The team there welcomed us with wrist garlands made of fresh flowers, a large bunch of gorgeous Thai orchids, and a “just got married” buggy that took us straight to our rice paddy-side pavilion villa. The room was – and still remains – the best room we’d ever had the pleasure of staying at.
In addition to being very large, clean and spacious, it was also luxurious. Fresh rose petals were scattered in and around our huge bathtub, organic plant-based skin products sat on our vanity, a tropical fruit basket (I’m talking about mangoes and dragon fruit) waited patiently beside our very own coffee machine, and the bed.. Oh, that bed. That bed was so incredibly comfortable, it wasn’t possible to stay awake for longer than 3 minutes in that bed before drifting into an uninterrupted and deep sleep.
Before we could hit the hay, though, we needed to eat dinner. We dined at one of resort’s three restaurants – the staff members there had reserved us the ENTIRE indoor restaurant space, which made us feel like complete superstars – and we were introduced to some of region’s signature dishes.
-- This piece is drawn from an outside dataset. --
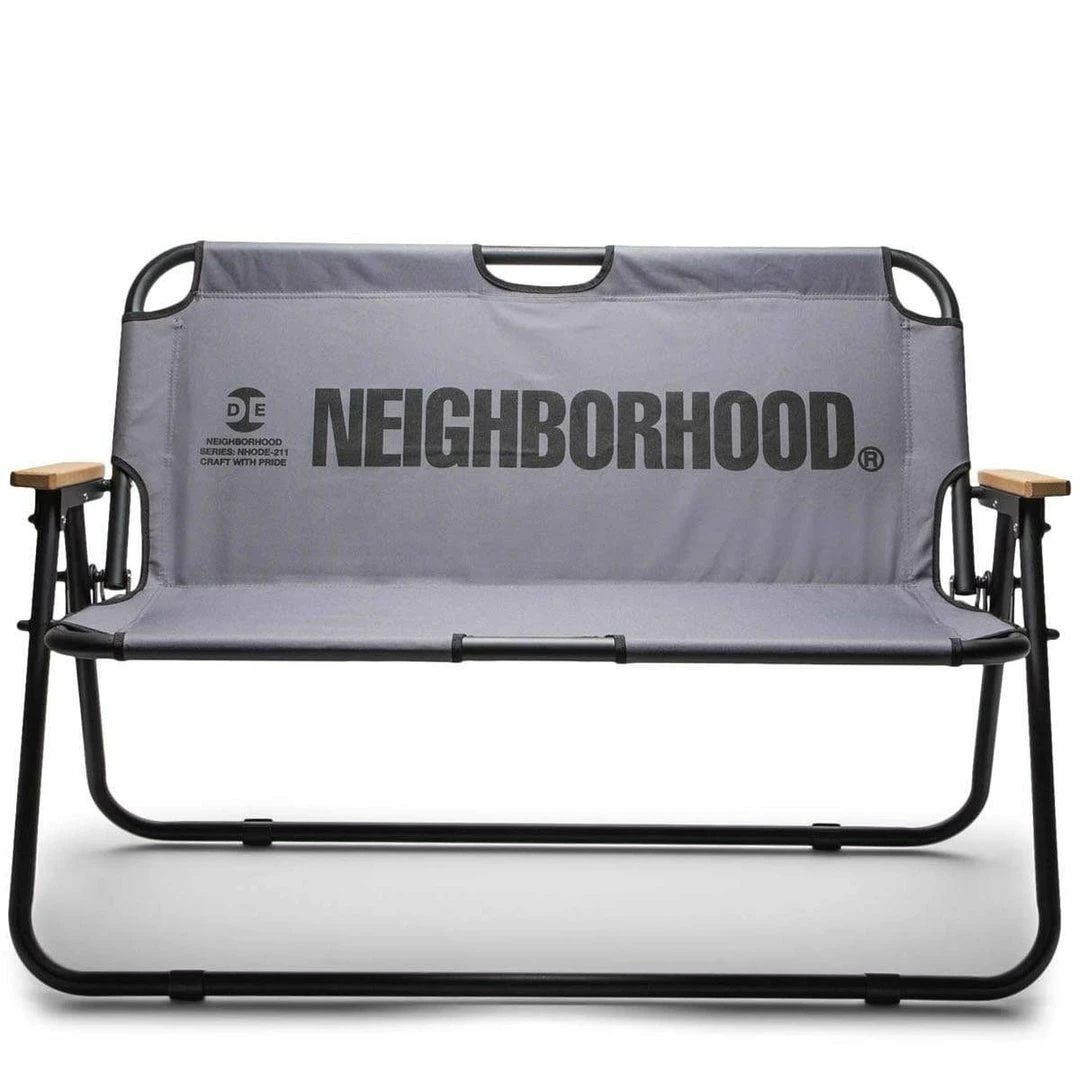 Neighborhood Home NHOL . ODE / EA-FOLDING SOFA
If you ever travel to Chiang Mai (and I definitely recommend that you do), you have to try the Khao Soy. It’s a soupy noodle dish that features two types of egg noodles – chewy and crispy. The chewy noodles sit in a mild curry, and the crispy noodles sit on top. You add pickles, diced red onion and a generous squeeze of fresh lime before digging in. It’s simultaneously creamy, chewy and crunchy. It’s a little spicy, a little tangy and a LOT delicious – we could see why it was such a popular dish.
With bellies FULL of food, we retreated to our villa and fell into bed. No more than 2 minutes later, we were both sound asleep. What. A. Day! And it was only day one.